Artificial intelligence in 2021. The AI ​​revolution is gaining momentum – Science

Also read: Technological innovations that change the course of history – at your fingertips. On your own phone

Until recently, such solutions were only seen in science fiction movies, but today they are becoming a reality. The Chinese Social Trust System – a database of points awarded for the daily behavior of citizens – is already being tested in several regions of China. This would not be possible without the rapid development of intelligent facial recognition programs. However, artificial intelligence can do so much more and our lives are starting to depend on it.

I understand you well

Work on artificial intelligence has been going on for at least half a century, but until recently machines had intelligence in name only and their operation was the result of simple programming. – The breakthrough came when we learned to create algorithms that acquired the ability to learn independently – says prof.
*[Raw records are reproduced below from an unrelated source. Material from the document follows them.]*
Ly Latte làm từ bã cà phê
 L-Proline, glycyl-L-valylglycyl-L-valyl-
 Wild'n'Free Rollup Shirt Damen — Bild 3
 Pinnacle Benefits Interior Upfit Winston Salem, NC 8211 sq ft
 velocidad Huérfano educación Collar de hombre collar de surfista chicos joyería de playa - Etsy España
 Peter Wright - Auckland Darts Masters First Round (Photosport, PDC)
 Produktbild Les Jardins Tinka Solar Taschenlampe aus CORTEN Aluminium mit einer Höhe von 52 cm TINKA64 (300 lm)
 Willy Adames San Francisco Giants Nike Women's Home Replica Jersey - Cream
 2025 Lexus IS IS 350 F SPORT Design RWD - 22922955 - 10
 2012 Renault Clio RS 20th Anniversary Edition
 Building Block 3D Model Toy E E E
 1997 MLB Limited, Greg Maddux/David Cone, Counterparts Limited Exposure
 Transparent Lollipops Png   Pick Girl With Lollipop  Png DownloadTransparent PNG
Ryszard Tadeusiewicz, a specialist in the field of artificial intelligence from the AGH University of Science and Technology in Krakow. It’s called machine learning, machine learning, through which machines can draw conclusions and develop their skills. – For example, the famous program DeepMind for playing the Chinese puzzle GO, which defeated a human grandmaster three years ago, first played with itself for several hundred hours, analyzed its mistakes, learned to predict the moves of the opponent and played better and better – says Prof. Tadeusiewicz.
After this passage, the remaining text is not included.